**Dataset extract:**
──────────
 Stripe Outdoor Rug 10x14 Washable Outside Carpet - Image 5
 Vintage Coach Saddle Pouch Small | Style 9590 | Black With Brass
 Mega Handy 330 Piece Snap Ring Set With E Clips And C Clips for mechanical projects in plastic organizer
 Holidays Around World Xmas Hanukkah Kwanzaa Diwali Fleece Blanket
──────────
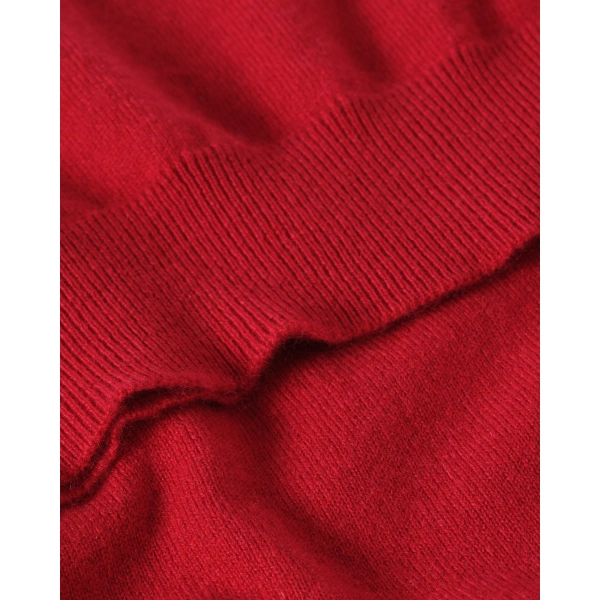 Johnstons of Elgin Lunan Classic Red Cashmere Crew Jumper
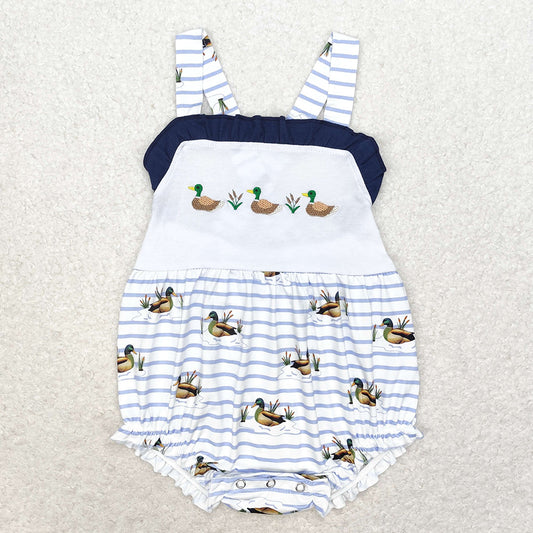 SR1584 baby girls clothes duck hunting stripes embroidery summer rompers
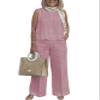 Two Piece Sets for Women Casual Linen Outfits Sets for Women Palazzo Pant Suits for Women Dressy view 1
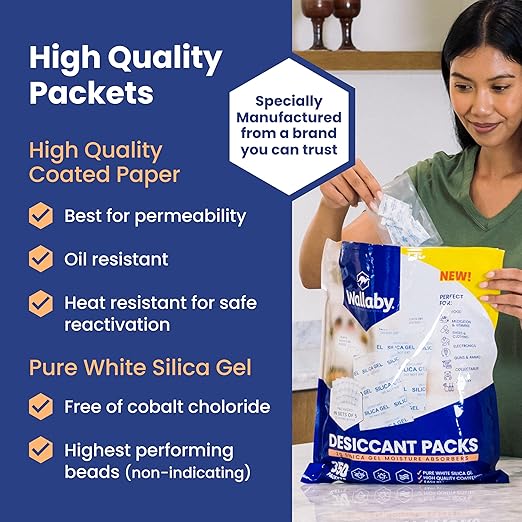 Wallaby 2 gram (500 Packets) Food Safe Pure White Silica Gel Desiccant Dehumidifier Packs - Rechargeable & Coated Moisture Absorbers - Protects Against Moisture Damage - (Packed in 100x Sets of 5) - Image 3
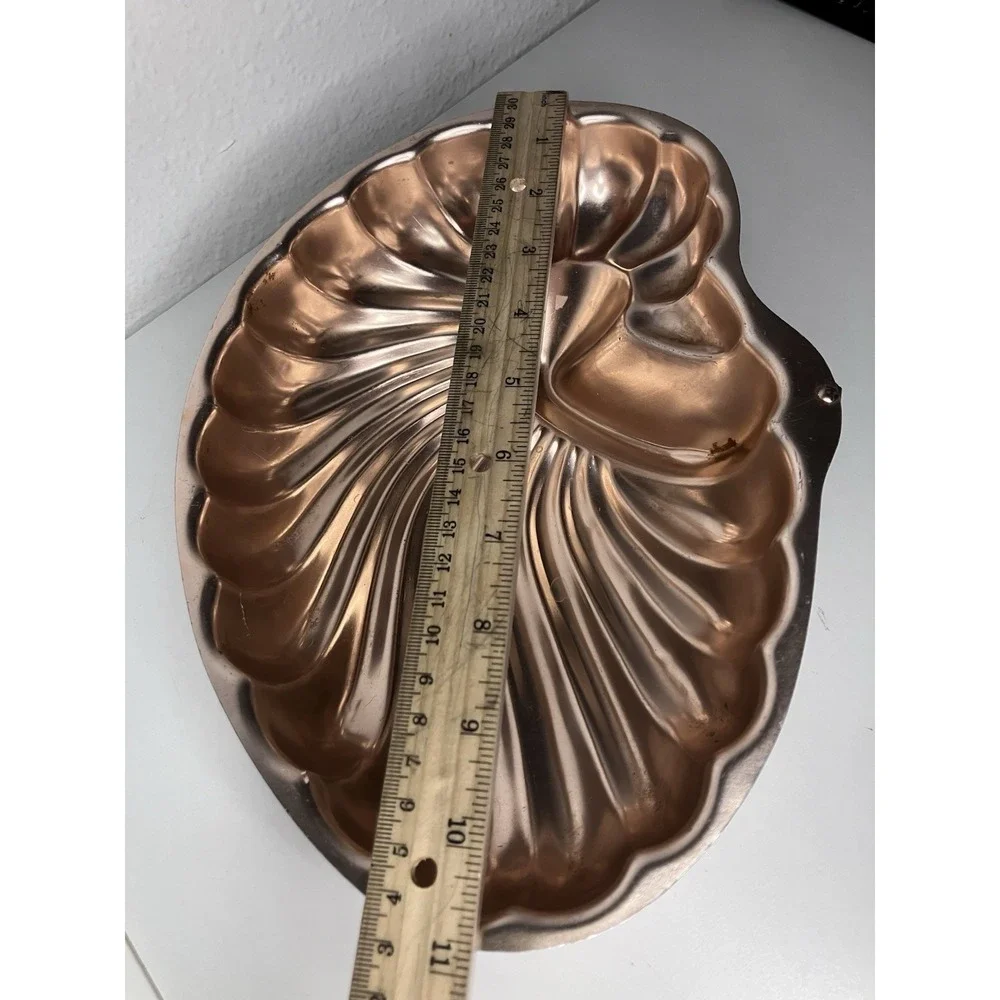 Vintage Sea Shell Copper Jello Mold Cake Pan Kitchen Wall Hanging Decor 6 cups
──────────
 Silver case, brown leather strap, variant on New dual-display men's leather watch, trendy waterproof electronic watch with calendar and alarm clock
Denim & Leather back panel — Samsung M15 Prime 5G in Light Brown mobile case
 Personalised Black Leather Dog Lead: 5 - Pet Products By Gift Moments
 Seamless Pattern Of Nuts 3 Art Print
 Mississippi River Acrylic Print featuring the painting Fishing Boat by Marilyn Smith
──────────
**Work instructions:** Return exactly the lines that appear in the data above between the line containing "Wallaby 2 gram" and the line containing "Vintage Sea Shell", both of which are included, and leave the pictures out.

**Answer section:**
 Wallaby 2 gram (500 Packets) Food Safe Pure White Silica Gel Desiccant Dehumidifier Packs - Rechargeable & Coated Moisture Absorbers - Protects Against Moisture Damage - (Packed in 100x Sets of 5) - Image 3
 Vintage Sea Shell Copper Jello Mold Cake Pan Kitchen Wall Hanging Decor 6 cups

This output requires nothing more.